In fact, this post is less of a post and more of a journal entry.
You see, I've recently learned that journaling is helpful for me. It get's all one-thousand-and-one thoughts out of my head. So, I'm going to do something weird - I'm going to let you read some of my entries.
(I have a point to this, trust me...)
Lord, help me. I am tired and want food and feel bad. Poor [lady who passed away]. Help us. Guide us. I know You do. What do you want me to do with my food and walking, Lord? I just want to be free and don't know what that looks like. Help me, Abba. Give me clarity and Your peace. You are good. You are God. Your ways are higher than my ways and Your thoughts are higher than mine. When I walk through the valley of the shadow of death, You are with me and will never leave or forsake me.
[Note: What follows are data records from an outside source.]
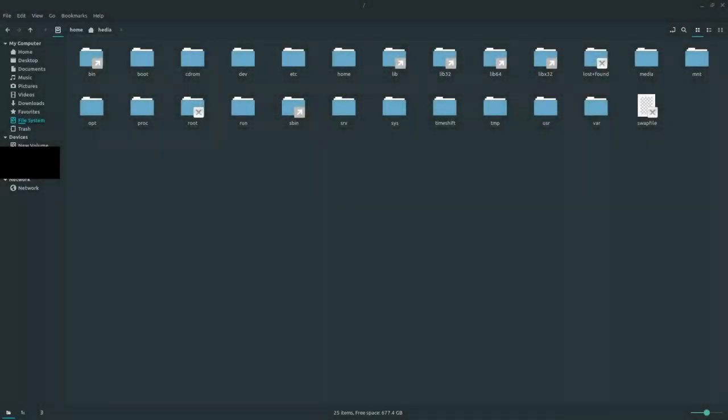Hi guys, Hedio here. Today I wanted to make a quick video on the Linux file system. The Linux file system is a structure in which all information on your computer is stored.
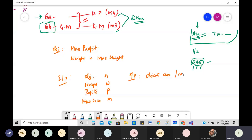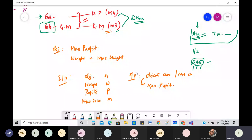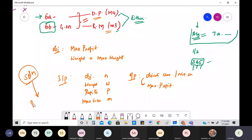In dynamic programming, you figure out all possible solutions and then choose the best one. In the greedy method, you follow prescribed steps blindly without worrying about other possibilities. Even in the greedy method, the goal was maximum profit — the approach is what differs. In very simple terms, that is the key distinction between dynamic programming and the greedy method.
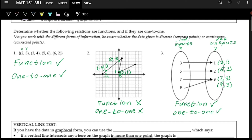So these are really the three different options for function and one-to-one. You can have something that is both a function and one-to-one. If something is not a function, it will never be one-to-one — that's neither a function nor one-to-one. And then you can have something that is a function but not one-to-one, because it has a repeated output. These are all the possibilities — just these three.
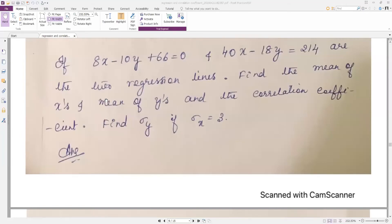Hello students, we will continue with the rest of the problems. Already two problems we have done under regression lines. The next problem is: if 8x − 10y + 66 = 0 and 40x − 18y = 214 are the two regression lines, find the mean of x and y, the correlation coefficient, and also find sigma y, given sigma x = 3.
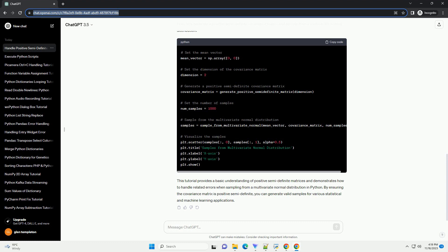The example usage demonstrates how to use the generate_samples function with a mean vector, covariance matrix, and the number of samples. The optional visualization section uses Matplotlib to plot the generated samples. Handling positive semi-definite errors when sampling from a multivariate normal distribution is crucial for ensuring the integrity of statistical analyses. By understanding the concept and implementing appropriate adjustments, you can improve the reliability of your multivariate normal sampling process in Python.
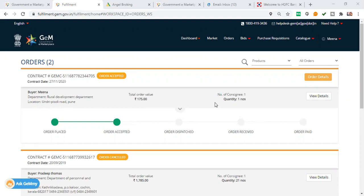Today, I will tell you how to accept the order in the G+M portal and how to generate a bill.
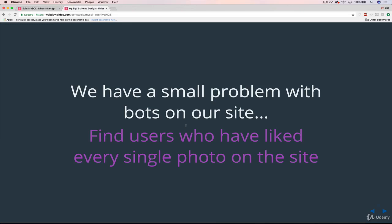So what we want to do is just find all the users who we think could be bots. They're users who have liked every single photo on the site. So if we have 257 photos, they've liked all of them. If we have 800 photos, they've liked all of them.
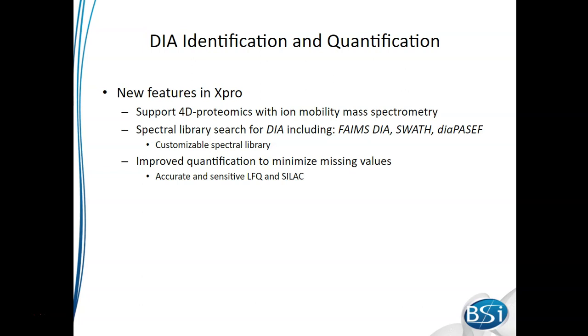In this presentation, I'm going to show some of the new features in PeaksX Pro that help deal with this type of data, and also talk about the improvements that we've made in our quantification in order to limit missing values.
Be with me in my pain and doubt. You are God and I am not. Thy will be done.
Lord, my heart hurts and I ate food to feel better. Whenever I talk about [a guy I'm on a break with], I feel sad and embarrassed and that's how I felt today with [my friend]. Please forgive me for overeating. Help me remember that Your will and Your way is so much better than mine. Thank You for comforting me and quieting me with Your love. I need You, Lord. Not rules and rituals. You. My Rock of Ages. Thank You for loving me far more than I can imagine, and certainly more than I deserve. Grow me, Abba, help me be comfortable in the uncomfortable because I am rested in You. Thy will be done.
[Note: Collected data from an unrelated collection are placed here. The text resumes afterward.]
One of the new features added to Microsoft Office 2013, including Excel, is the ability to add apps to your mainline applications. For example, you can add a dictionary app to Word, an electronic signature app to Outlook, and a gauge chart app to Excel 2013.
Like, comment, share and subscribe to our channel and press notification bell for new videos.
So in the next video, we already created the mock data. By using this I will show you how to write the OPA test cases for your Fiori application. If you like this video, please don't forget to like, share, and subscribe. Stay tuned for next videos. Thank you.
Lord Jesus, please be with me and give me rest. I feel overstimulated because I did a lot of creative work today, which I enjoyed so much, but why do You now allow me to feel tired? My brain gets tired, God, and that is normal and okay. You are good and great and thank you for the sunset and Your creativity in me. Thy will be done, Lord, and thank You for using me for Your glory, and now for resting.
(Okay, I think three's enough.)
The reason I've shared these entries is twofold:
First, I encourage you to journal. To be real with God. To cry and yell and scream. He can take it.

Whatever you feel towards Him, give it to Him. Lay it at His feet. You'll marvel (like I now am) at how much He can change in a few short weeks.
Secondly, whether or not you go the journaling route, I think this is super important - when you pray (aka, talk to God), don't forget to be thankful.
The Psalms are full of lament and anger, but they have a structure that turns them back to praise. That, my friends, is what we need to do. We can cry out to God... and then cry His praises.
Make the conscious effort to say thank You. Choose to focus on His goodness, provision, and love.
Fix your heart (and thoughts) on Him. Trust me, it makes all the difference.